10 kwi Krótka historia o bzie, który zakwitł w kwietniu
Historia ze skwerku z ostatnich dni:
– Mogę usiąść obok?
Starsza pani przesuwa się na ławce.
– Proszę.
– Wolę mieć tego bąbla na oku, bo bawi się tak, że zapomina o świecie.
– Dużo ich tu dzisiaj! Ten z lodem to pani?
– Tak, ten – biorę łyk wody – Można się poczuć jak w wakacje.
– Wie pani, mi się to nie podoba.
– Hm..
– Kto to widział w kwietniu takie ciepło?
– Hm… 26, jutro ma być 16. Nie pamięta pani takiego kwietnia?
– Były lata, że na Wielkanoc boso się chodziło, ale to wyjątkowo. Teraz cały rok inaczej wygląda. Gdzie są pory roku? To nie jest dobre dla przyrody, wie pani?
– Wiem – wzdycham cicho i myślę, że czasy kiedy rozmowy o pogodzie były rozmowami „o niczym” zupełnie zmieniają swój „ciężar”.
***
Marzec 2024 był najcieplejszym marcem w historii pomiarów a przy tym 10. z rzędu rekordowo ciepłym miesiącem.
Nie mam na to innego słowa, jak to, że odklejamy się od świata, jaki znamy.
Kluczowe słowo to stabilność. Zmiana klimatu to utrata gruntu pod nogami.
Nauczyliśmy się żyć, pracować, budować domy, uprawiać żywność, podróżować i odpoczywać w możliwie przewidywalnych warunkach.
Utrata tej przewidywalności rodzi bezpośrednie zagrożenia (powodzie, susze, zniszczenia infrastruktury, spadek panów rolnych, głód…) i konflikty na wielu polach.
***
Czasem ktoś pyta: Co mogę z tym zrobić? Tak na co dzień?

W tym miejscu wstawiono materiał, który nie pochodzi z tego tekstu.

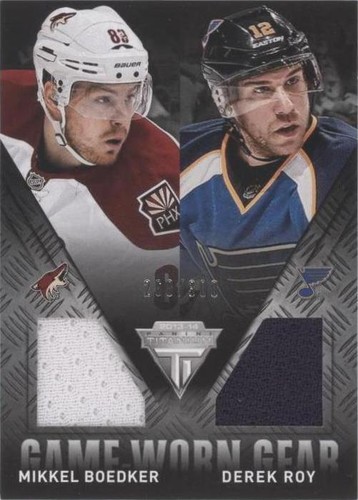 2013-14 Panini Titanium - Derek Roy Mikkel Boedker #GD-BR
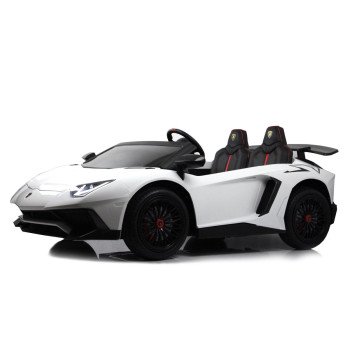 Детский электромобиль Lamborghini Aventador SV (M777MM) белый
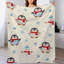 Jeté en flanelle Penguins Snowmen Luxury-133005030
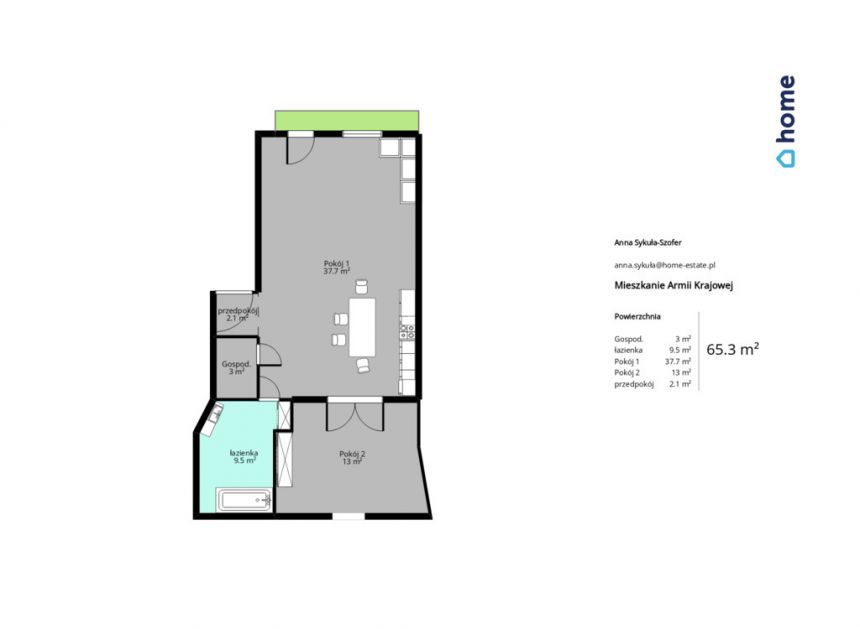 Świetna lokalizacja, wyjątkowy układ, balkon miniaturka 15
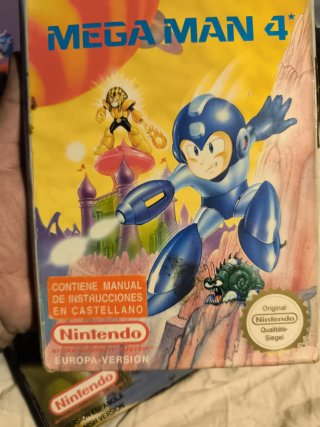 Mega Man 4 Nintendo NES PAL España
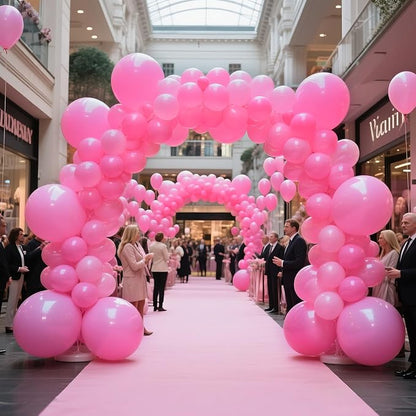 Pink Balloon 110pcs, 12 Inch Thickened Latex Party Balloons Helium Bright Color - Image 7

Nie wiem… Może zauważać to, co bliskie, co znajome?
🗣 Niech ktoś, kto ma ogród powie, czy kwitnienie drzew i krzewów na początku kwietnia go cieszy.
🗣 Niech ktoś, kto kocha narty, powie jak często jeździł dawniej, a jak wygląda to teraz.

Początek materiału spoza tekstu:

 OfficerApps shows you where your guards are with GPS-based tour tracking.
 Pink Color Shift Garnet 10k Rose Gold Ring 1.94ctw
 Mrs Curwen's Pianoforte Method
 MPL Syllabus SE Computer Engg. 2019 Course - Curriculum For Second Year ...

🗣 Niech ktoś, kto od lat zbiera grzyby powie, w jakim stanie są leśne drzewa, szczególnie sosny i świerki.
🗣 Niech ktoś zapyta przedszkolaka, czy wie jak wygląda wróbel? A jeśli wie, kiedy go ostatnio widział?
🗣 Niech ktoś, kto dużo podróżuje, powie, ile owadów rozbijało się dawniej o szybę samochodu, a ile dziś.

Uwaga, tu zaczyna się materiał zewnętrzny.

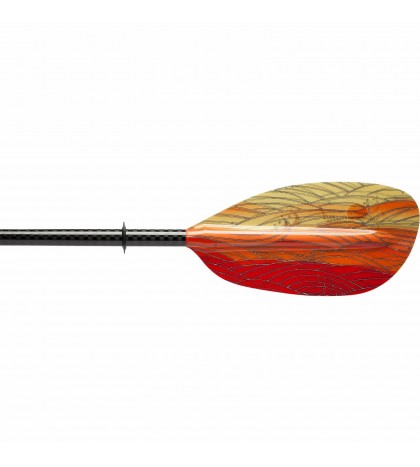 Aqua Bound Whiskey Fiberglass Bent Shaft 2-Piece Kayak Paddle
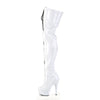 DELIGHT-3027 Plateau Overknee Stiefel - Weiß von Pleaser – Ansicht 3
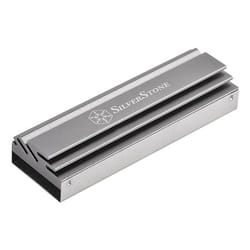 Silverstone TP04 Unità allo stato solido Dissipatore di calore/Radiatore Argento 1 pz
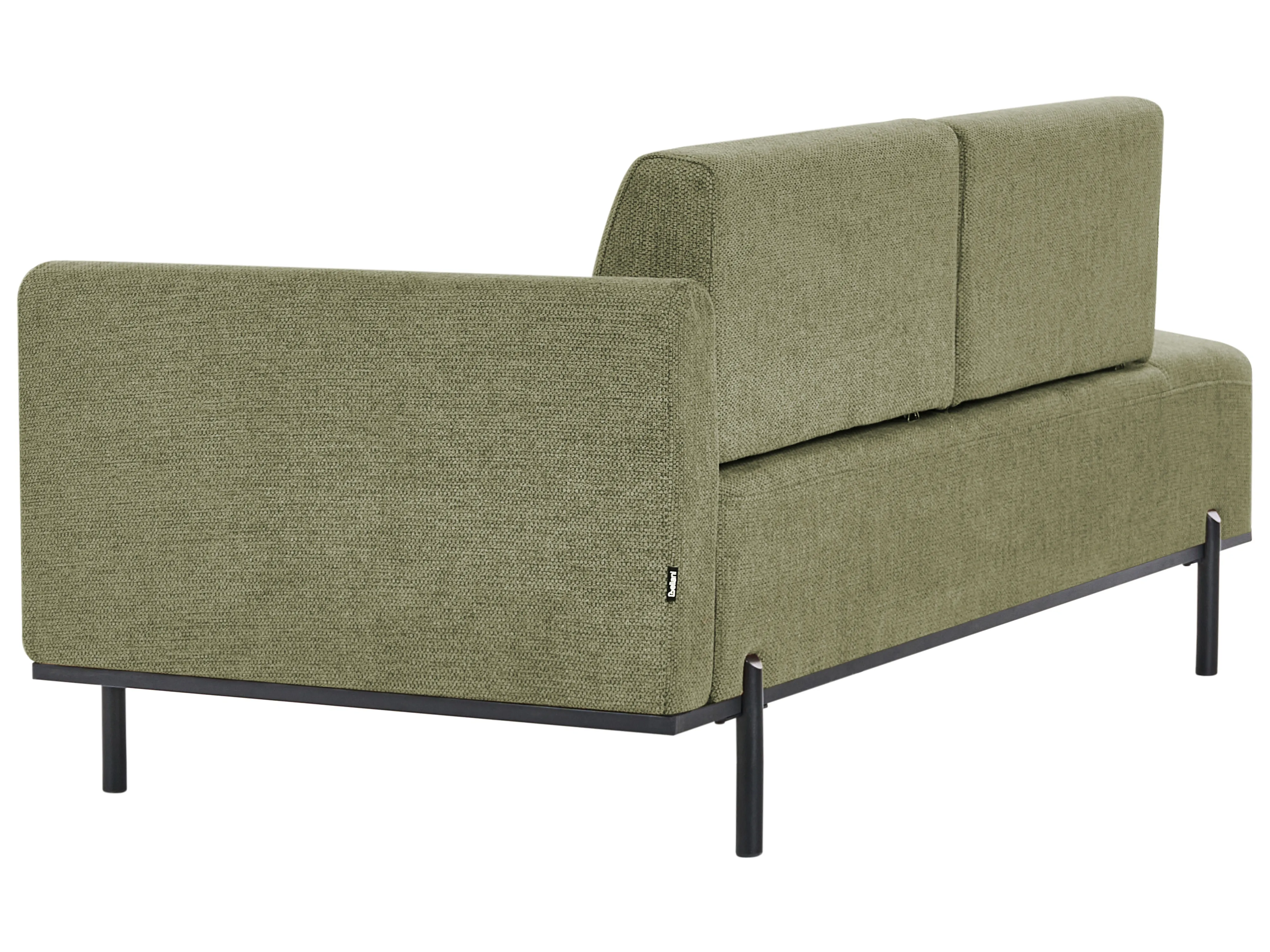 Chaise longue SAVASSE Kunstlinnen Groen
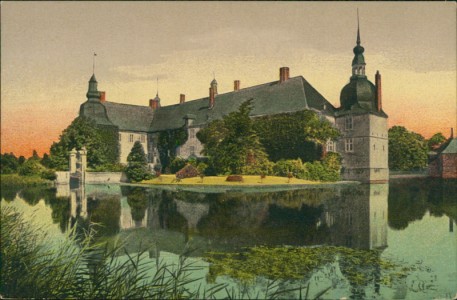 Alte Ansichtskarte Dorsten-Wulfen, Schloß Lembeck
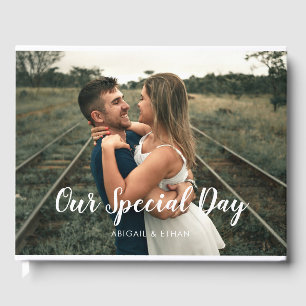 Libro de invitados de fotos del Día de la boda per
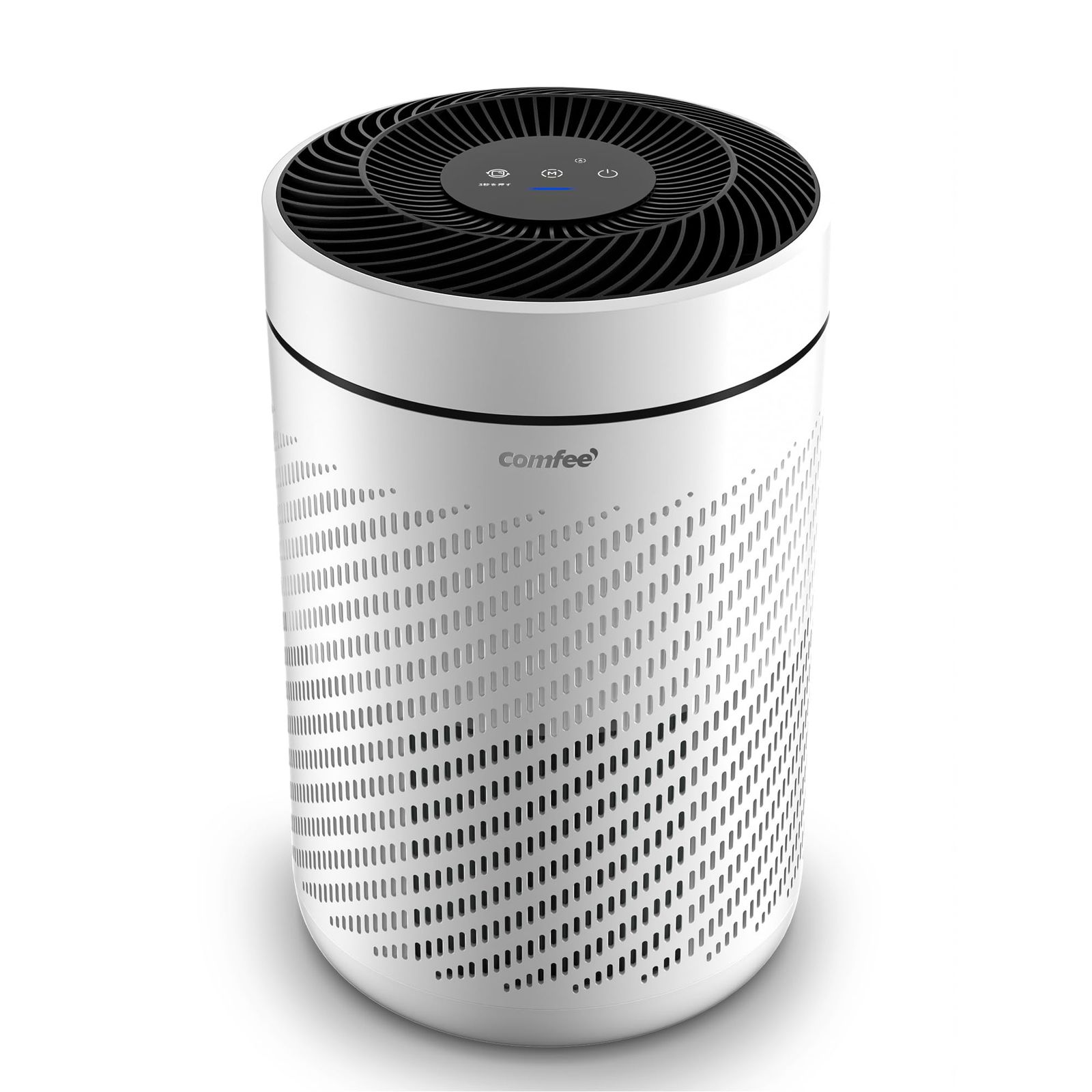 COMFEE' 空気清浄機 19畳 HEPA フィルター 360°吸気口 風量3段階 卓上 脱臭 除菌 集じん 小型 省エネ ペットの毛 花粉 ハウスダスト おやすみモード 強力 PM2.5 コンパクト ホワイト★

🗣 Niech ktoś kto zwiedza świat, pokazuje nie tylko piękne kadry, ale też to jak wygląda zanieczyszczenie i realne życie w miejscach, które odwiedza.
Nie wymaga to ani wysiłku, ani budowania nowej wiedzy.
I, oczywiście, to małe rzeczy. Każdy kto ma (jakąś) władzę powinien robić wiele wiele więcej. Ale czy nie z tego składa się codzienność? Czy takie rozmowy „przy okazji” nie wpływają na to, co sobie myślimy o świecie?
Może jest w tym metoda?
Jest mi bliskie to, co mówi Maria Virginia Olano, Dyrektorka Komunikacji w Climate XChange „Stories about climate change are going to come from conversations we have with friends, family, and colleagues — we need to all become multipliers of this message”.